Dejó tras de sí un agujero en el universo por el que manaba la oscuridad como alquitrán líquido. Por el que también se marchó su madre sin siquiera volverse para decirles adiós con la mano. Los dejó girando en la oscuridad, sin amarras, en un lugar sin cimientos.
Horas más tarde salió la luna e hizo que la oscura pitón devolviese lo que se había tragado. El jardín volvió a aparecer. Regurgitado por completo. Con Rahel sentada en él.
La dirección de la brisa cambió, y le trajo el sonido de tambores.

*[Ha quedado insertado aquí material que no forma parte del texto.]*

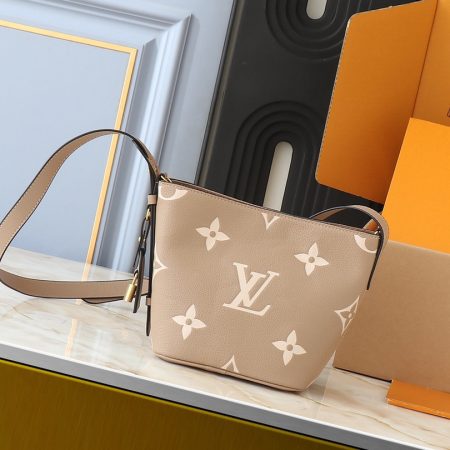 LV All In BB - Image 10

Un regalo. La promesa de un cuento. Érase una vez, decían, un lugar donde vivía un…
Rahel alzó la cabeza y escuchó.
En las noches despejadas el sonido del chenda que anunciaba una representación de kathakali podía llegar a oírse a un kilómetro de distancia del templo de Ayemenem.
Y Rahel fue. Atraída por el recuerdo de tejados pronunciados y paredes blancas. De lámparas de bronce encendidas y de maderas oscuras y barnizadas. Acudió con la esperanza de encontrar a un viejo elefante que no fue electrocutado en la carretera Kottayam-Cochín. Pero antes pasó un momento por la cocina a coger un coco.
Al salir, notó que a una de las puertas de tela metálica de la fábrica se le habían roto las bisagras y estaba apoyada cubriendo el hueco de entrada. La puso a un lado y entró. El aire estaba pesado de tanta humedad; era tan húmedo, que un pez hubiera podido nadar en él.
El suelo bajo sus pies estaba resbaladizo por el verdín del monzón. Un murciélago pequeño y ansioso revoloteaba entre las vigas del techo.
Las siluetas de los bajos depósitos de cemento para hacer los encurtidos se destacaban en la penumbra y hacían que el suelo de la fábrica pareciera un cementerio para muertos cilíndricos.
Los restos mortales de Conservas y Encurtidos Paraíso.
Donde mucho tiempo atrás, el día en que llegó Sophie Mol, el Embajador E. Pelvis revolvía una vasija de mermelada escarlata y pensaba dos cosas. Donde un secreto rojo con forma de mango tierno fue preparado en conserva, sellado herméticamente y almacenado.
Es cierto. Las cosas pueden cambiar en un solo día.